Barker (1992) in his study, Globalization of credit card usage: The case of a
developing economy” investigate the attitude of Turkish consumers towards credit
cards, and the approach of card issuers by surveying two samples of 200 card
holders and non-holders. The better educated, middle aged members of the upper
middle class seem to be the prime target; the most important reasons for using a
credit card were “case of payment”, followed by “risk of carrying cash”, Non
holders do not carry credit cards because they do not know much about it; informal
sources of information appear to be more influential than mass media advertising in
penetrating the market; proposes that the usage and the administration of credit
cards are influenced very much by the infrastructure of the country and hence,
credit card companies have to modify their marketing and administrative
procedures rather than following a standardized approach.

Natarajan and Manohar (1993) “Credit Cards–an Analysis”. A study has been
attempted to know that to what extent the credit cards are utilized by the
cardholders and the factors influencing the utilization of credit cards. The study is
confined to cards issued by the Canara Bank.
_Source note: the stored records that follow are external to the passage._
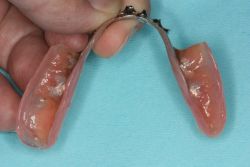 リベース/作業後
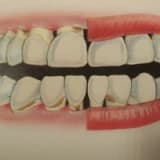 Dişeti iltihabı nasıl oluşur?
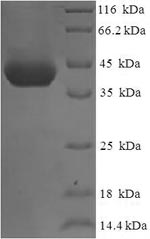 (Tris-Glycine gel) Discontinuous SDS-PAGE (reduced) with 5% enrichment gel and 15% separation gel.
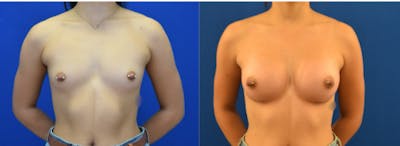 Breast Augmentation Before & After Gallery - Patient 184614 - Image 1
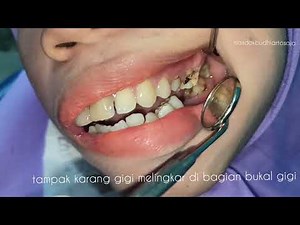 Dental Calculus Removal With Original Sound Of Scaler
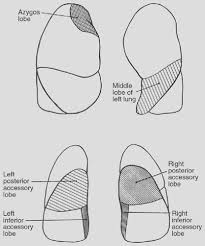 Surgical Anatomy Of The Lungs Thoracic Key
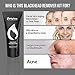 Blackhead Remover Mask [Removes Blackheads] - Purifying Quality Black Peel off Charcoal Mask - Best Mud Facial Mask 60 gram (2.11 ounce) (Pack of 3)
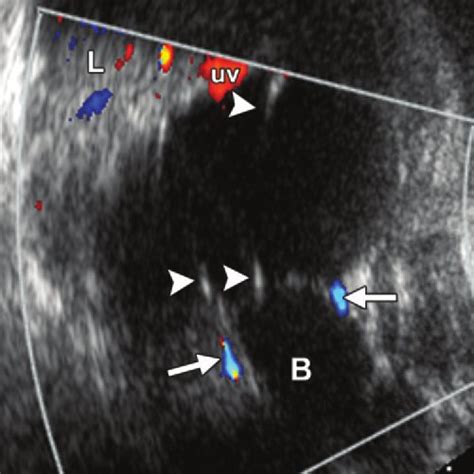 Ovarian cyst with a single septation. Axial fetal US image shows a ...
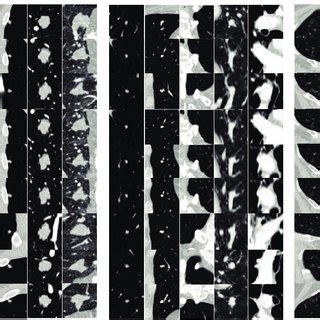 An overview of the proposed CAD system. (a) An example of extracted 2-D ...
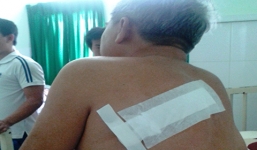 Cựu chiến binh bị côn đồ xông vào nhà chém trọng thương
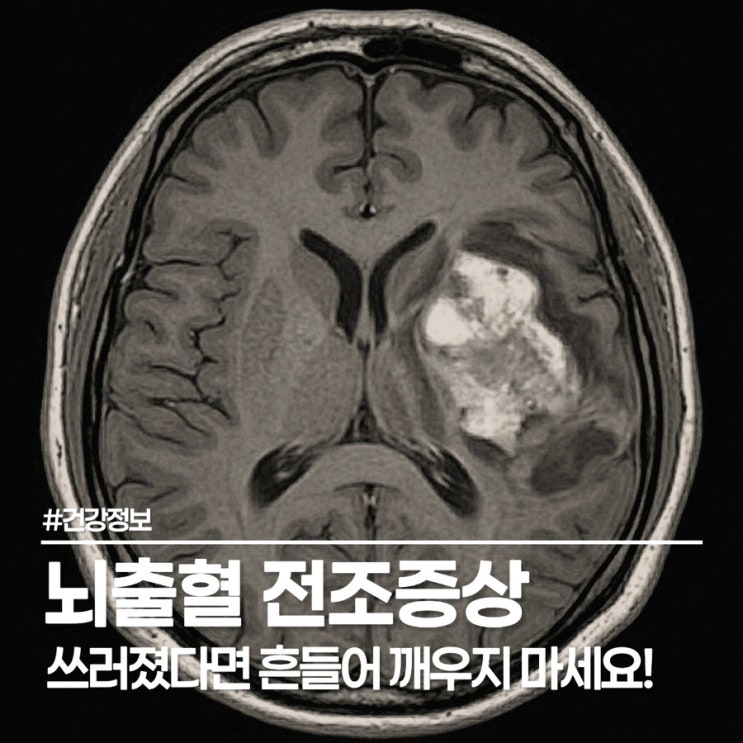  뇌출혈 전조증상, 단순 두통인 줄 알고 누웠다간 정말 큰일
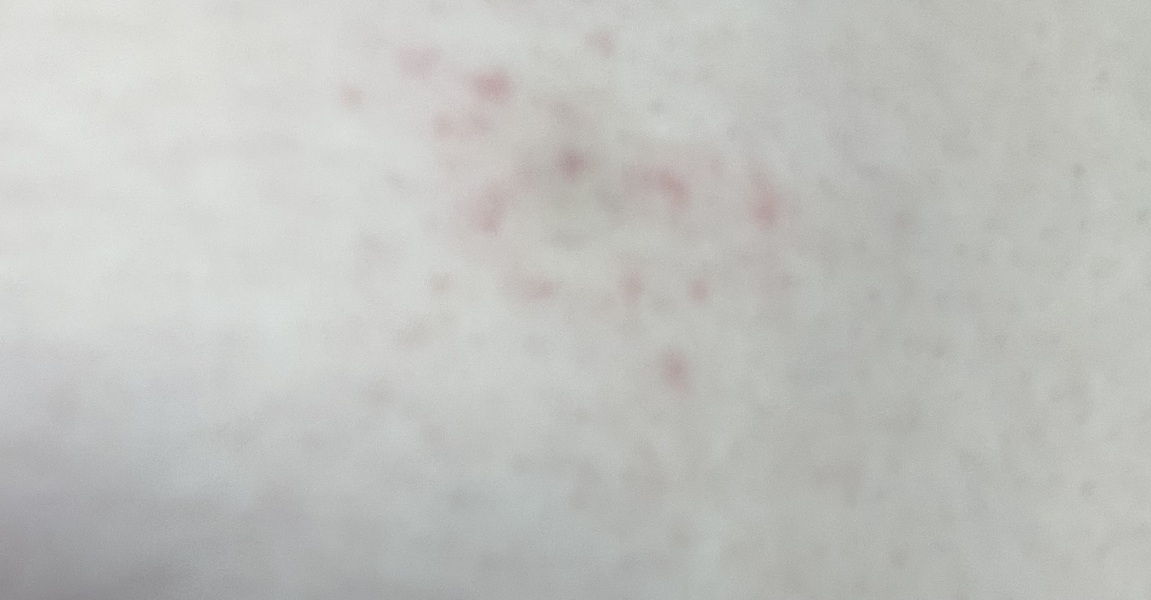 Rash at injection site - image in post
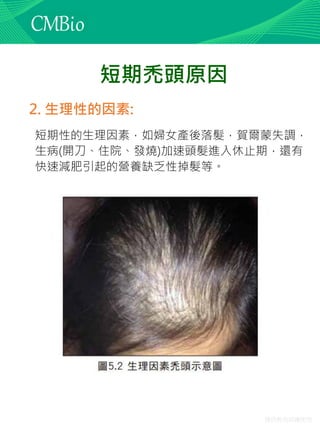 僅供教育訓練使用
2. 生理性的因素:
短期性的生理因素，如婦女產後落髮，賀爾蒙失調，
生病(開刀、住院、發燒)加速頭髮進入休止期，還有
快速減肥引起的營養缺乏性掉髮等。
短期禿頭原因
 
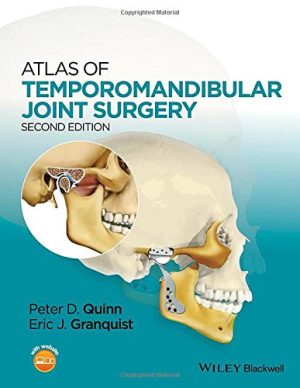 Atlas of Temporomandibular Joint Surgery 2nd Edition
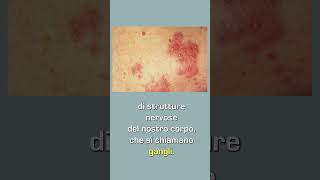 Nevralgia posterpetica e quotfuoco di SanAntonioquot Dott Antonio Musio neurochirurgo herpeszoster [upl. by Lehcyar]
A random sampling technique is used
to collect the data. Ten components i.e. numbers of purchases, shops, percentage of
purchases, place, frequency, type of product, type of services, cash withdrawal
facilities, add on facility, insurance schemes are identified and used for the
measurement. Chi square test has been conducted to know the level of utilization.
For this, both personal and nonpersonal factors also have been taken into
consideration. Chi square test reveals that sex, age, educational qualification of card
holders has no relationship with utilization of Can Card. While occupation, income,
employment status of spouse, mode of getting card has relationship with utilization
of Can Card.

Vora and Gidwani (1993), “Plastic at a premium” show the usage facilities and
varieties of cards. The research shows that credit card is extremely useful to those
people who use it as to increase their purchasing power through the plastic card.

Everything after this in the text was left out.